La décision de verser le bonus doit être prise par l'employeur avant le 30 juin 2006. À cette date, il doit avoir arrêté le montant et les modalités du versement.

Le versement effectif des sommes doit intervenir au plus tard le 31 juillet 2006.

Par ailleurs, l'employeur doit notifier, avant le 31 décembre 2006, à l'URSSAF dont il relève le montant des sommes versées, en précisant le montant par salarié (voir § 2-26).

Contrats de prévoyance responsables

Conditions d'exonérations sociales et fiscales : rappel de la législation

2-29

 Pour bénéficier des exonérations de cotisations sociales sur les contributions patronales aux régimes de prévoyance complémentaire « frais de santé », celles-ci doivent financer un régime répondant à un certain nombre de critères. Ces critères sont notamment liés au contenu des garanties : certaines sommes sont versées par l'assuré à titre de sanction (par exemple, pour non-respect du parcours de soins coordonné ou non-déclaration du médecin traitant) et ne doivent pas être pris en charge par les régimes de prévoyance complémentaire. À l'inverse certaines mesures de prévention ou dépenses liées aux actes du médecin traitant doivent obligatoirement être prises en charge par le contrat (c. séc. soc. art. L. 871-1). Ces exigences conditionnent également les avantages fiscaux dont peuvent bénéficier employeurs et salariés pour les contributions salariales et patronales de prévoyance complémentaire.

Report de l'entrée en vigueur de certaines mesures

2-30

Certaines de ces conditions de contenu des prestations offertes devaient à l'origine être remplies à compter du 1er janvier 2006, afin d'ouvrir droit aux exonérations sociales et fiscales liées à ces contrats (voir FH 3125 précité).

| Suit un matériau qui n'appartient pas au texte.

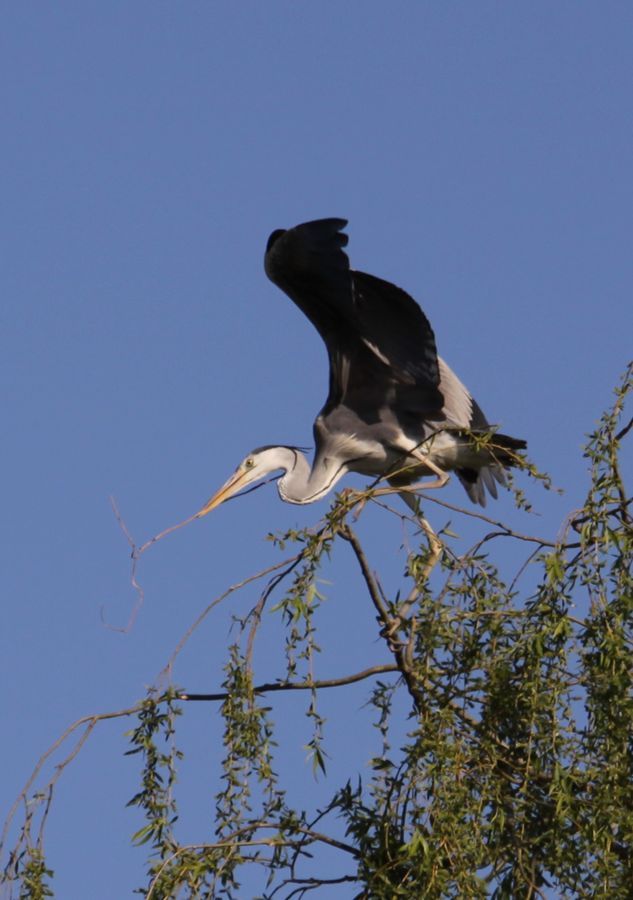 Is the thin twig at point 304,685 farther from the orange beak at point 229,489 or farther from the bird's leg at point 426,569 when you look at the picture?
the orange beak at point 229,489

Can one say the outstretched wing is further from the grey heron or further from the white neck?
the white neck

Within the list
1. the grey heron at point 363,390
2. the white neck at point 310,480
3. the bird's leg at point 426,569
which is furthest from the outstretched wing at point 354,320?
the bird's leg at point 426,569

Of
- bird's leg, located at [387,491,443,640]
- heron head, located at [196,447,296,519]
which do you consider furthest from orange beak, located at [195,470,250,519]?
bird's leg, located at [387,491,443,640]

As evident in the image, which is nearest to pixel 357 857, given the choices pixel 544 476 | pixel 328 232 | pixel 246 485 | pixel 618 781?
pixel 618 781

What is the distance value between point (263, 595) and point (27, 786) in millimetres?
776

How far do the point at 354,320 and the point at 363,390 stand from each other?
513mm

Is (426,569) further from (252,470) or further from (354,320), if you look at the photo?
(252,470)

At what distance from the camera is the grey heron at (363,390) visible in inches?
267

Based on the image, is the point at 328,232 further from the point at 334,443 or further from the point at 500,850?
the point at 500,850

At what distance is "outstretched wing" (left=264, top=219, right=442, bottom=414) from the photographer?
264 inches

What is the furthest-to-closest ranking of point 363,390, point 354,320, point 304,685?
point 363,390 → point 354,320 → point 304,685

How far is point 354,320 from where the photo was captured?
23.1ft

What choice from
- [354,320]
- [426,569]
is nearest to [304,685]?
[426,569]

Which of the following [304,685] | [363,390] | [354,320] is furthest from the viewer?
[363,390] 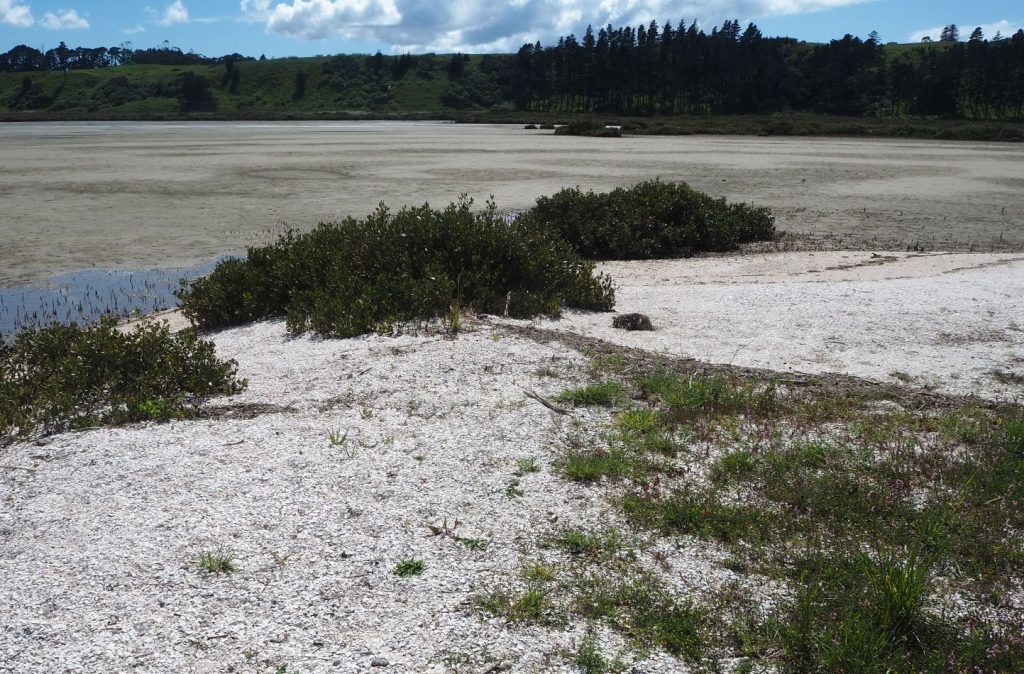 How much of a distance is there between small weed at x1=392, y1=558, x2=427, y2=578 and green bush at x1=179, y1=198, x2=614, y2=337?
16.0 ft

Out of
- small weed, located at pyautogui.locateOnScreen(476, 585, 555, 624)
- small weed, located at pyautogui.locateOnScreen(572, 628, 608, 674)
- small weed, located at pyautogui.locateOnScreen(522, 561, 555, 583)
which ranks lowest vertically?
small weed, located at pyautogui.locateOnScreen(572, 628, 608, 674)

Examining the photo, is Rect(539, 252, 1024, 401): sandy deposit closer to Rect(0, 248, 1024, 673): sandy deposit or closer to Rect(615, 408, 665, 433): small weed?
Rect(0, 248, 1024, 673): sandy deposit

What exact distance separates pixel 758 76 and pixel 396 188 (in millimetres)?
104297

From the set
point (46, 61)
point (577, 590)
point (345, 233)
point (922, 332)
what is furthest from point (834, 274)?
point (46, 61)

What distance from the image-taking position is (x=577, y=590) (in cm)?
405

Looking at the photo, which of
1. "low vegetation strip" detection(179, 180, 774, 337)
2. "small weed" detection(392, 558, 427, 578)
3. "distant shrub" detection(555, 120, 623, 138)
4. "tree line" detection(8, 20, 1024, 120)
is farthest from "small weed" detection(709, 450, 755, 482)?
"tree line" detection(8, 20, 1024, 120)

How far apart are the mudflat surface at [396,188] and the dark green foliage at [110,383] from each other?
24.4 ft

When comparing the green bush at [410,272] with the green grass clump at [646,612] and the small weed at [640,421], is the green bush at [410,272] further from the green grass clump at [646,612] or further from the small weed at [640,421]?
the green grass clump at [646,612]

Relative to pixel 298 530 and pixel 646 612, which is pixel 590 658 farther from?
pixel 298 530

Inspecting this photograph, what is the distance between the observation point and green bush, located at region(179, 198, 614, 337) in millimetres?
9133

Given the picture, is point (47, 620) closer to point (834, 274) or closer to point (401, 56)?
point (834, 274)

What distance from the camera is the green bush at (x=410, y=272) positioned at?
30.0 ft

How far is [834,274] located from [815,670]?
10.3 metres

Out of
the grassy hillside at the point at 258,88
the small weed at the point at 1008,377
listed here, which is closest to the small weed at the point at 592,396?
the small weed at the point at 1008,377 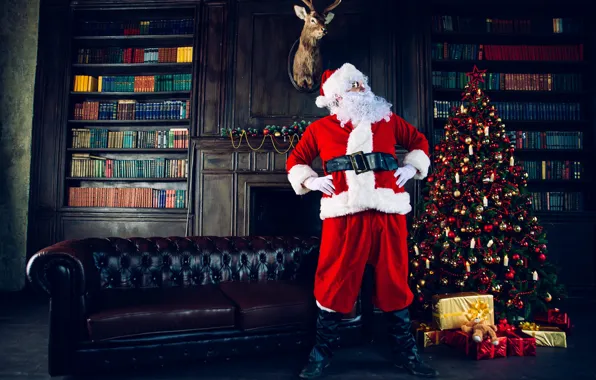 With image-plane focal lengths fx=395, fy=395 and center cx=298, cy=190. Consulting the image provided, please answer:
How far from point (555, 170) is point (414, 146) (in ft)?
8.17

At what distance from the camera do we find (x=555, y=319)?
271cm

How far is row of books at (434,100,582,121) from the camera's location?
391cm

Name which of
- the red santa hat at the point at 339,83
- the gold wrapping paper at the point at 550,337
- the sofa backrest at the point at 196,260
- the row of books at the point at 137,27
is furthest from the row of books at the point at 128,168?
the gold wrapping paper at the point at 550,337

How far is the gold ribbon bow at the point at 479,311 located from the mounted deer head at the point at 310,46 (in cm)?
244

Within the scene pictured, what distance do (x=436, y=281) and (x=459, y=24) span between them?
2711 millimetres

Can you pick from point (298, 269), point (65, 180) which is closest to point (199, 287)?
point (298, 269)

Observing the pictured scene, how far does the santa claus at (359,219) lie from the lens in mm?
1893

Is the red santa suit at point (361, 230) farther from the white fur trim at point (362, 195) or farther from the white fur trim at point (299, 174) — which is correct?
the white fur trim at point (299, 174)

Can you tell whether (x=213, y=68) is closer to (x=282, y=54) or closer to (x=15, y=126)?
(x=282, y=54)

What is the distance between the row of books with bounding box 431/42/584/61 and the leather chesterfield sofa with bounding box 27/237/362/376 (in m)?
2.67

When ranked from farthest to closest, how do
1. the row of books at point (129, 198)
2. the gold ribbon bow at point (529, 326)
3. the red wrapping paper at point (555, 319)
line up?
the row of books at point (129, 198) < the red wrapping paper at point (555, 319) < the gold ribbon bow at point (529, 326)

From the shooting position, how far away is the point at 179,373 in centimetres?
200

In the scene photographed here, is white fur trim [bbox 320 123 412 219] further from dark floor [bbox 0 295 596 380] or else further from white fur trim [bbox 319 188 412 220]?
dark floor [bbox 0 295 596 380]

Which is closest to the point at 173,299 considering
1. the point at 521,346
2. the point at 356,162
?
the point at 356,162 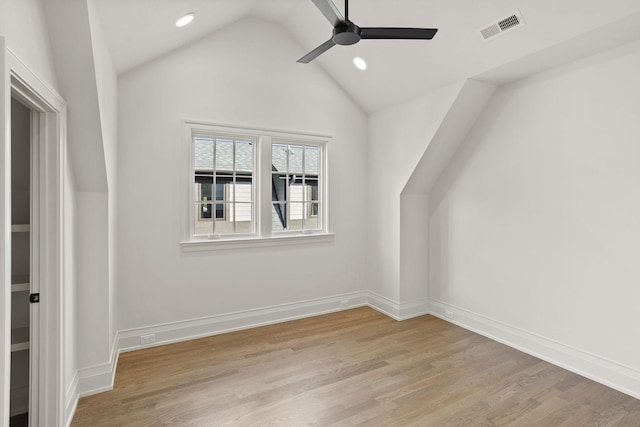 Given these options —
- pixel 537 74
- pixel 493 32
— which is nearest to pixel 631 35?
pixel 537 74

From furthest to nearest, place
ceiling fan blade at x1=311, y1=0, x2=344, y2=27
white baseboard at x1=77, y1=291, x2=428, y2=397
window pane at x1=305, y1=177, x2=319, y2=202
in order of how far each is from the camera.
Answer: window pane at x1=305, y1=177, x2=319, y2=202 < white baseboard at x1=77, y1=291, x2=428, y2=397 < ceiling fan blade at x1=311, y1=0, x2=344, y2=27

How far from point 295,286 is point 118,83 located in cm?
272

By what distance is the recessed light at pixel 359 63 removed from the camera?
3.62m

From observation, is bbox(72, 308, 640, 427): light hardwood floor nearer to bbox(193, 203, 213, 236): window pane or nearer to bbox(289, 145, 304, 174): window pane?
bbox(193, 203, 213, 236): window pane

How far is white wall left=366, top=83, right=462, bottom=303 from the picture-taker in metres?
3.58

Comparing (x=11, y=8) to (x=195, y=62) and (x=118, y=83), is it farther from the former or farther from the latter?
(x=195, y=62)

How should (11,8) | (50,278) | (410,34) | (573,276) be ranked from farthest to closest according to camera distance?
(573,276) < (410,34) < (50,278) < (11,8)

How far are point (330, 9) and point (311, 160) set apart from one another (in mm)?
2353

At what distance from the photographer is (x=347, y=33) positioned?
2094 millimetres

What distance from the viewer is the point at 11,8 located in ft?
4.44

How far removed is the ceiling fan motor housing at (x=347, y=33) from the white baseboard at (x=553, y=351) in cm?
299

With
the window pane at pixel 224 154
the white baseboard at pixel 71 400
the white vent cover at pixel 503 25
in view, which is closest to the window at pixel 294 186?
the window pane at pixel 224 154

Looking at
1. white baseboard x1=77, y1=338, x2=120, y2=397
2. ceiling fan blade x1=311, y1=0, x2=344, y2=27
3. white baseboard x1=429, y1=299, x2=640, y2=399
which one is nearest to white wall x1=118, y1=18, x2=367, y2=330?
white baseboard x1=77, y1=338, x2=120, y2=397

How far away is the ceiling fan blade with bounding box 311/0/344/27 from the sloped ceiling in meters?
1.05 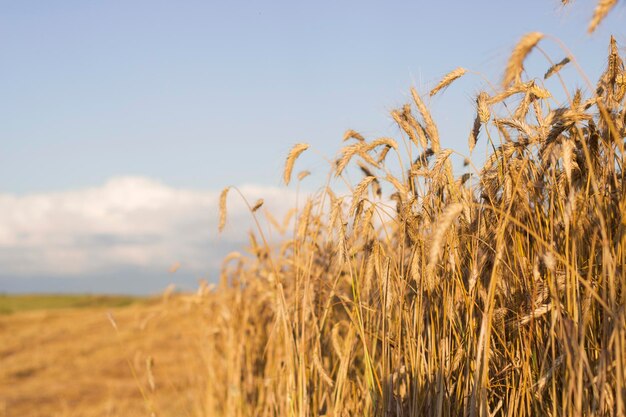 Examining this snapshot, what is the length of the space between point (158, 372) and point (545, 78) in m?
7.06

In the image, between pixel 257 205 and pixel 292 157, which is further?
Result: pixel 257 205

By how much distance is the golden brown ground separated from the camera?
590 cm

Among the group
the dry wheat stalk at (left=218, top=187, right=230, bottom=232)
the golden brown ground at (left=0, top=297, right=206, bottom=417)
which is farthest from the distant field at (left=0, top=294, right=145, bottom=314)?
the dry wheat stalk at (left=218, top=187, right=230, bottom=232)

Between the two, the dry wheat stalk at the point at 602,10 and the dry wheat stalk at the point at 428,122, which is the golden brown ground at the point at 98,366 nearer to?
the dry wheat stalk at the point at 428,122

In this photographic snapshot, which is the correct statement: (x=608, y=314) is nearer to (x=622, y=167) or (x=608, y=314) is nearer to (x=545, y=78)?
(x=622, y=167)

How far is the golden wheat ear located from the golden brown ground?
6.09ft

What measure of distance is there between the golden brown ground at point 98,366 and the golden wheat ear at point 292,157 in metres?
1.86

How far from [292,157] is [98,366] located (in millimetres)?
7156

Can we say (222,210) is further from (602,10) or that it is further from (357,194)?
(602,10)

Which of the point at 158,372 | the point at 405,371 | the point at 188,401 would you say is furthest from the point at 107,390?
the point at 405,371

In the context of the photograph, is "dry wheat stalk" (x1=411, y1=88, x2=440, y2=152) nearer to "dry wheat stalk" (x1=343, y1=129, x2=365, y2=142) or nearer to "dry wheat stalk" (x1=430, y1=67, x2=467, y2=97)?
"dry wheat stalk" (x1=430, y1=67, x2=467, y2=97)

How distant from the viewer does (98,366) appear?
8.90 meters

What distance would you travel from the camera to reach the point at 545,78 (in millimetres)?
2367

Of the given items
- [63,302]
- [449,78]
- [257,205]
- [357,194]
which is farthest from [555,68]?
[63,302] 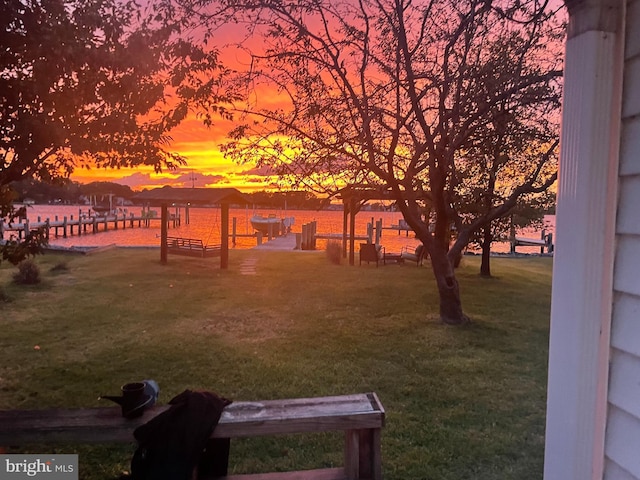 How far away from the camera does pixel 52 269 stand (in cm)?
1331

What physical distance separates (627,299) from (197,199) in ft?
47.6

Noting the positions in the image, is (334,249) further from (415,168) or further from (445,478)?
(445,478)

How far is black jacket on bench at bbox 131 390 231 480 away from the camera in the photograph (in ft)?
7.13

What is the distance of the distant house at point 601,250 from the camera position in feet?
5.17

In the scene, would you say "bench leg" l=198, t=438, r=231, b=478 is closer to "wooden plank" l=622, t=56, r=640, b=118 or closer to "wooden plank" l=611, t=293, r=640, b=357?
"wooden plank" l=611, t=293, r=640, b=357

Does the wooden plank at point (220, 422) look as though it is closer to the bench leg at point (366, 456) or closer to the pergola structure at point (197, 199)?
the bench leg at point (366, 456)

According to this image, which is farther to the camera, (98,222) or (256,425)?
(98,222)

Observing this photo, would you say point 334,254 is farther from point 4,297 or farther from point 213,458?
point 213,458

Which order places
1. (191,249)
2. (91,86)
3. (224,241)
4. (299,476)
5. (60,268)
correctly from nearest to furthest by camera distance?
(299,476), (91,86), (60,268), (224,241), (191,249)

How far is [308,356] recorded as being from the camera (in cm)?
615

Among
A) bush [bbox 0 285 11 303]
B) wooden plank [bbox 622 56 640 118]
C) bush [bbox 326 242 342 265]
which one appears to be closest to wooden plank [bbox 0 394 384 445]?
wooden plank [bbox 622 56 640 118]

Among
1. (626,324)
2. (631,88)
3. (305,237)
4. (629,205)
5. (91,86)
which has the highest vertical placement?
(91,86)

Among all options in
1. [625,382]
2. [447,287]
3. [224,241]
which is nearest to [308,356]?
[447,287]

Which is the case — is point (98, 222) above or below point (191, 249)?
above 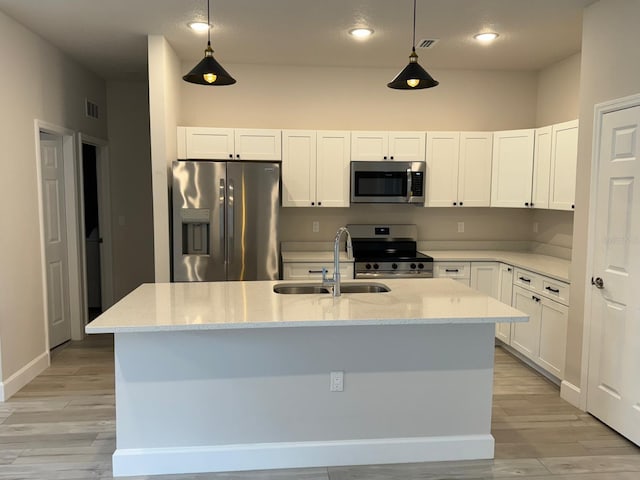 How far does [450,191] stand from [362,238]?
1.01 metres

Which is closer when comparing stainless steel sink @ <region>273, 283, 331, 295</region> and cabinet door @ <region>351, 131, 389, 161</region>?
stainless steel sink @ <region>273, 283, 331, 295</region>

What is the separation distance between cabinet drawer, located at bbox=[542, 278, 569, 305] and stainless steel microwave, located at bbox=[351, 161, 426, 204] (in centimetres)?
145

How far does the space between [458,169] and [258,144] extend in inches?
78.6

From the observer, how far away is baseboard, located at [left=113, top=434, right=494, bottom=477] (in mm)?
2594

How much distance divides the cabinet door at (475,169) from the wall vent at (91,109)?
3.86 metres

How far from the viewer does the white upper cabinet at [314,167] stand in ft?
15.5

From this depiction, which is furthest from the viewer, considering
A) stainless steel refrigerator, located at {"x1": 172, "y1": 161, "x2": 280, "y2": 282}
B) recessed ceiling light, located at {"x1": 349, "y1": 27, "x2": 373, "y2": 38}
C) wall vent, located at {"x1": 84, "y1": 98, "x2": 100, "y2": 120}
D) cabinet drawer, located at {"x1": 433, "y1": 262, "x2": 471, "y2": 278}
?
wall vent, located at {"x1": 84, "y1": 98, "x2": 100, "y2": 120}

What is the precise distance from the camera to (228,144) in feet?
15.2

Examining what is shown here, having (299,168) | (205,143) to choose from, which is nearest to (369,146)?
(299,168)

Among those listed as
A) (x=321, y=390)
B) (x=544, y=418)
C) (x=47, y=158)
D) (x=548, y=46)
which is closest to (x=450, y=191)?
(x=548, y=46)

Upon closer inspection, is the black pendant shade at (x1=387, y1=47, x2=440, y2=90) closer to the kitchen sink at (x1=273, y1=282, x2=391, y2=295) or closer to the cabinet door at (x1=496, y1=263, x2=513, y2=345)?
the kitchen sink at (x1=273, y1=282, x2=391, y2=295)

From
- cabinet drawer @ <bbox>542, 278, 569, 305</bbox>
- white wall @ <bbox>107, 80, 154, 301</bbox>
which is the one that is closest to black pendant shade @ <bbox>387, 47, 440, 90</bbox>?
cabinet drawer @ <bbox>542, 278, 569, 305</bbox>

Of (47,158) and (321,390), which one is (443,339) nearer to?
(321,390)

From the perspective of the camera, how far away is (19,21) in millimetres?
3699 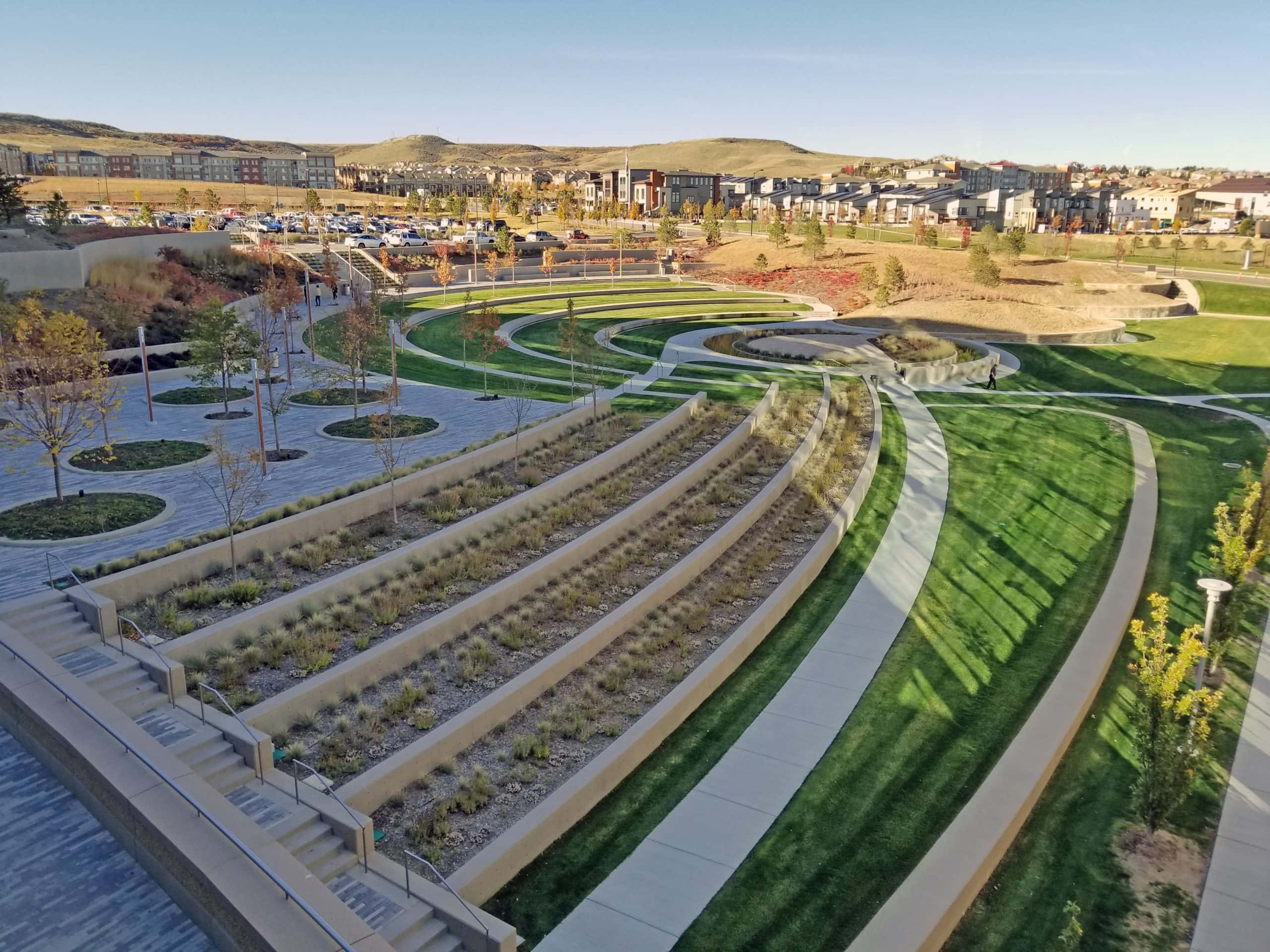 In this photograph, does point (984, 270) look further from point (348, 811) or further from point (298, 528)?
point (348, 811)

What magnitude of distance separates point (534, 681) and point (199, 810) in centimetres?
571

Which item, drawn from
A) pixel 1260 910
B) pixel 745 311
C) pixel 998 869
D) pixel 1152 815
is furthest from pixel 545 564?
pixel 745 311

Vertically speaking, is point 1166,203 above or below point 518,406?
above

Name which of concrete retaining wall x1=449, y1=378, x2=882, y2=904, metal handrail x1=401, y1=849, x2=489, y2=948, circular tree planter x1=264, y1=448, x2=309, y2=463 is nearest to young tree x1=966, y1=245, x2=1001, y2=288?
concrete retaining wall x1=449, y1=378, x2=882, y2=904

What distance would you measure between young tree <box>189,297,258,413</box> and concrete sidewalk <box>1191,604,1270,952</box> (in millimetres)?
25640

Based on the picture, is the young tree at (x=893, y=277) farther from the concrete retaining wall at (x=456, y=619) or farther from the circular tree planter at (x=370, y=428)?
the circular tree planter at (x=370, y=428)

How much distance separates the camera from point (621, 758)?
12898mm

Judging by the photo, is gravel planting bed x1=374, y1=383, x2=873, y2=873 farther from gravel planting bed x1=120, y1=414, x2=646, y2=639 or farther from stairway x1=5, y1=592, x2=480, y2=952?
gravel planting bed x1=120, y1=414, x2=646, y2=639

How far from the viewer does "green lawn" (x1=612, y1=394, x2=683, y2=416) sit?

La loi de financement de la sécurité sociale décale en partie l'entrée en vigueur de certaines de ces conditions d'exonération. Ainsi, l'obligation de prise en charge par le contrat des frais liés à certaines mesures de prévention sera obligatoire à compter du 1er juillet 2006 (art. 54-II ; loi 2004-810, art. 57-II modifié).

Ce report de délai est dû à l'absence de parution au Journal officiel du décret listant les actes et examens de prévention qui devront être intégrés aux contrats de prévoyance complémentaire. La loi prévoit en effet qu'au moins deux mesures devront être choisies parmi cette liste exhaustive.

Pour trois des autres conditions, la date d'entrée en vigueur reste fixée au 1er janvier 2006, mais se trouve assortie d'une large dérogation. L'échéance est repoussée au 1er juillet 2006 pour les garanties de prévoyance instituées à titre obligatoire par une convention collective de branche, ou un accord collectif professionnel ou interprofessionnel, sous réserve qu'il s'agisse de garanties en cours au 1er janvier 2006 (art. 54, II ; loi 2004-810 du 13 août 2004, art. 57, II modifié). Sont concernées par ce report les conditions tenant à :

- la non-prise en charge de la majoration de la participation de l'assuré social à défaut de choix d'un médecin traitant ou en cas de consultation d'un autre médecin sans prescription du médecin traitant ;

- la non-prise en charge, dans une limite fixée par décret, des dépassements d'honoraires supportés en cas de consultation de certains spécialistes sans prescription préalable du médecin traitant ou en dehors du cadre d'un protocole de soins ;

- la prise en charge à hauteur d'un minimum fixé par décret des prestations liées aux consultations et prescriptions du médecin traitant.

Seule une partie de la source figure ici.